- [What to work on]
The reply is to be the lines from the one with "Thread Lift Before And After Images" through the last line of the records below, each retyped exactly, with pictures left out.

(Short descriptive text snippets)
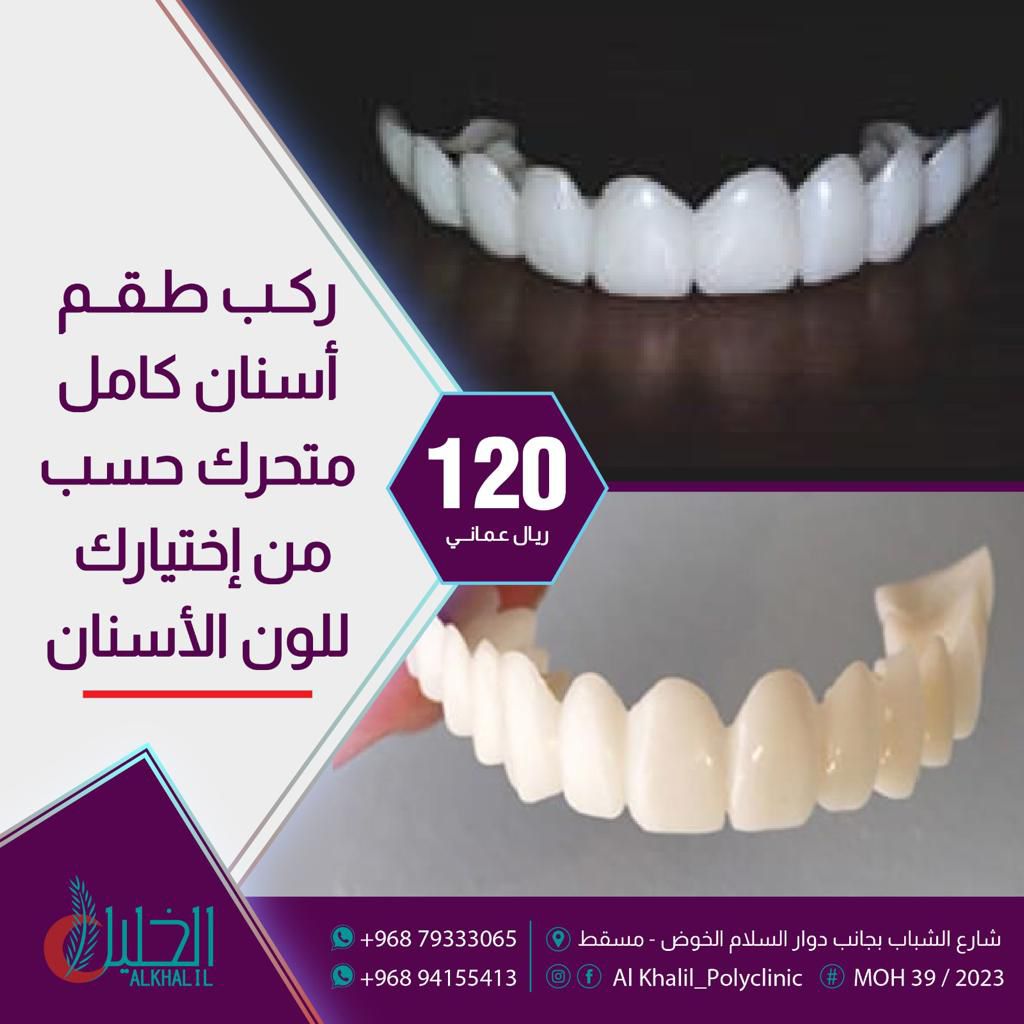 Complete dentures service at Alkhalil Dental Center in Muscat, Oman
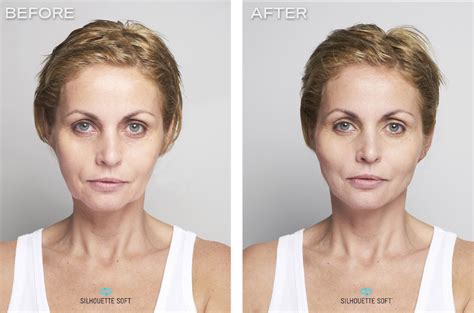 Thread Lift Before And After Images
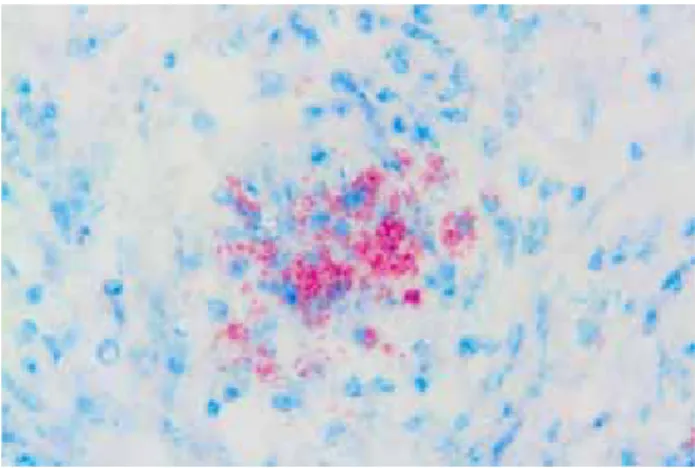 Fig 3. Appearance of AFB in the lung, ZN, x400.  Şekil 3. Akciğerde AFB’nin görünümü, ZN, x400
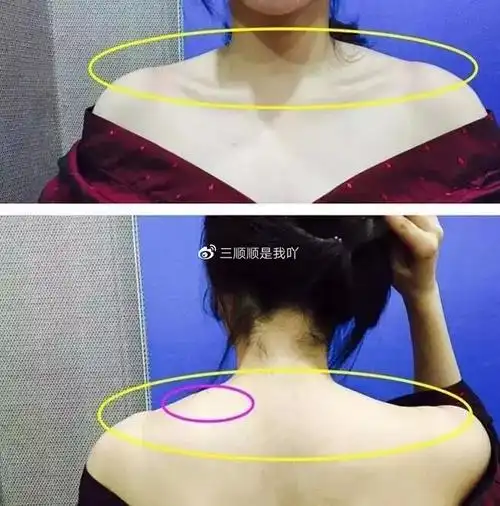 斜方肌瘦了,就可以显瘦20斤?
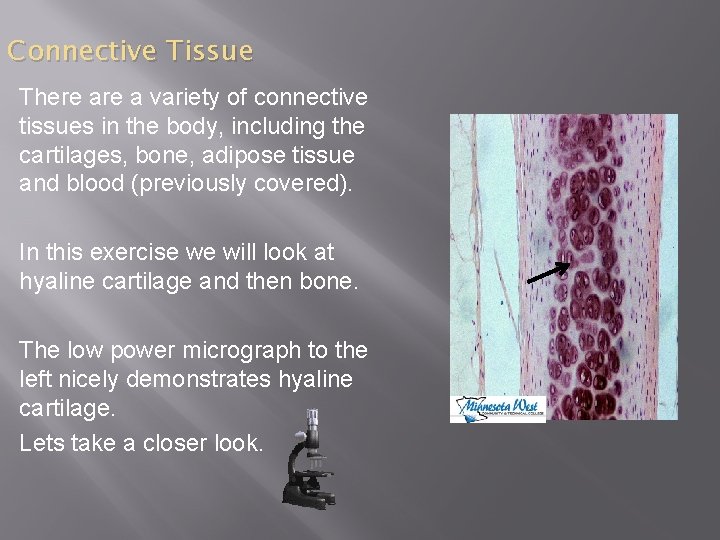Connective Tissue There a variety of connective tissues in the body, including the cartilages,
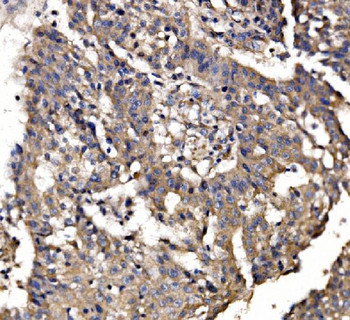 PAR-3/PARD3 Antibody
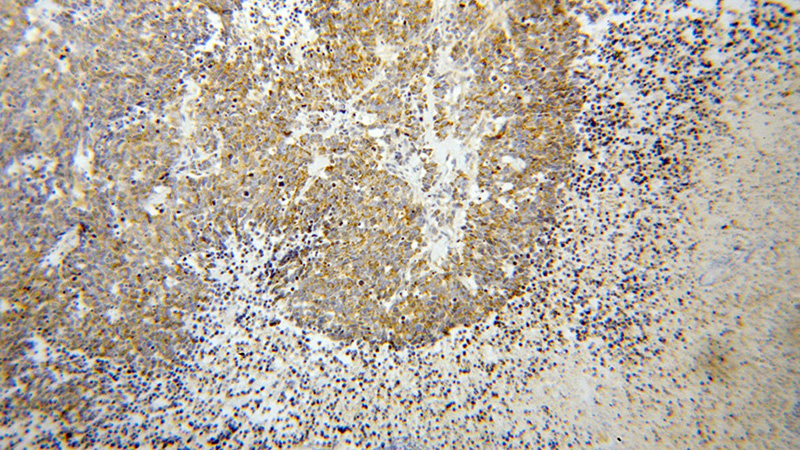 Immunohistochemical of paraffin-embedded human lung cancer using Catalog No:117258(SLC30A7 antibody) at dilution of 1:100 (under 10x lens)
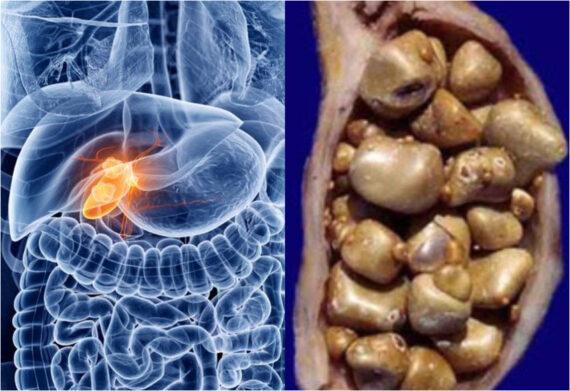Πέτρες στη χολή ή Χολολιθίαση: Ποια είναι τα συμπτώματα και ποια η θεραπεία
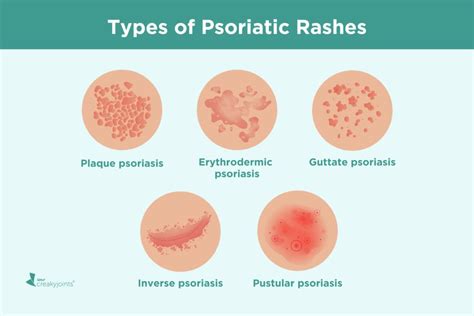 Psoriatic Arthritis Rash: Symptoms, Treatment, and Pictures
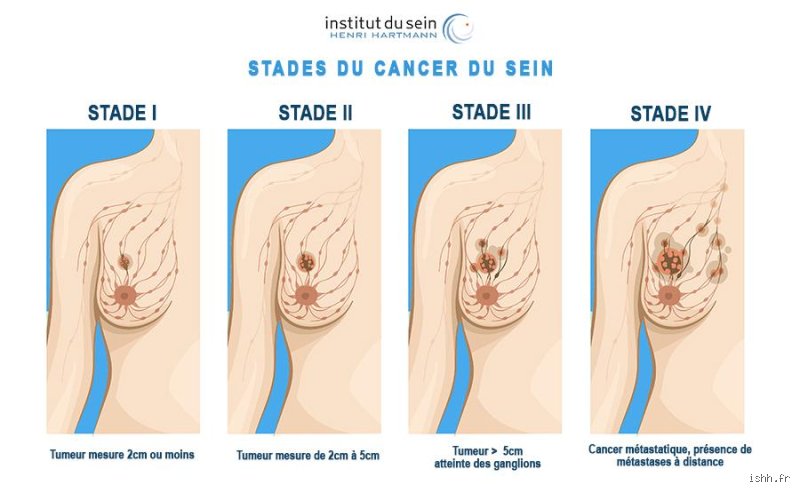 Métastases éclair : la science derrière un cancer qui se propage en deux semaines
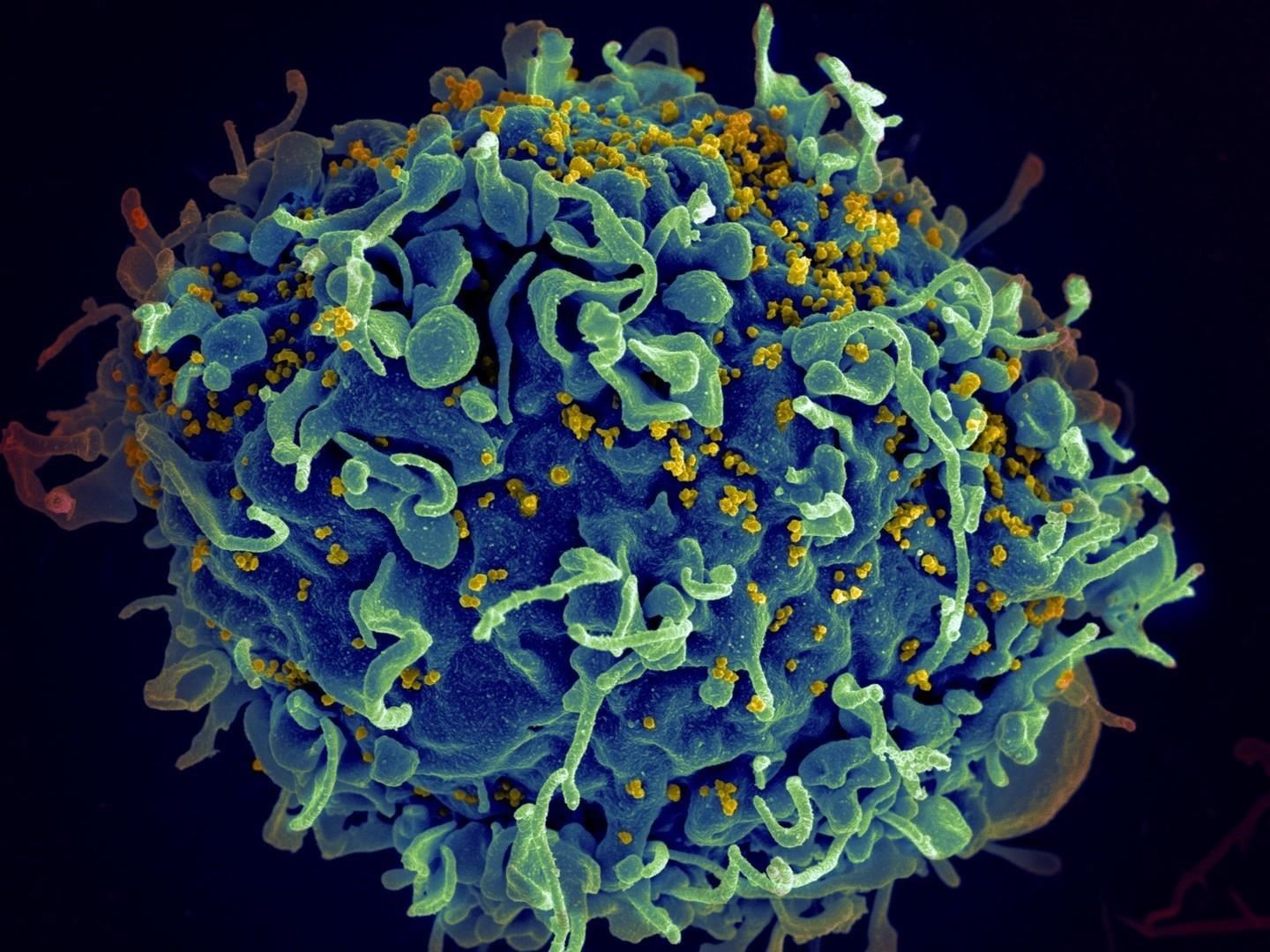 Scientists Discover How to Track Down HIV's Hiding Spots—A Potential Pathway to a Cure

- [Expected answer]
 Thread Lift Before And After Images
 Fig 3. Appearance of AFB in the lung, ZN, x400.  Şekil 3. Akciğerde AFB’nin görünümü, ZN, x400
 斜方肌瘦了,就可以显瘦20斤?
Connective Tissue There a variety of connective tissues in the body, including the cartilages,
 PAR-3/PARD3 Antibody
 Immunohistochemical of paraffin-embedded human lung cancer using Catalog No:117258(SLC30A7 antibody) at dilution of 1:100 (under 10x lens)
Πέτρες στη χολή ή Χολολιθίαση: Ποια είναι τα συμπτώματα και ποια η θεραπεία
 Psoriatic Arthritis Rash: Symptoms, Treatment, and Pictures
 Métastases éclair : la science derrière un cancer qui se propage en deux semaines
 Scientists Discover How to Track Down HIV's Hiding Spots—A Potential Pathway to a Cure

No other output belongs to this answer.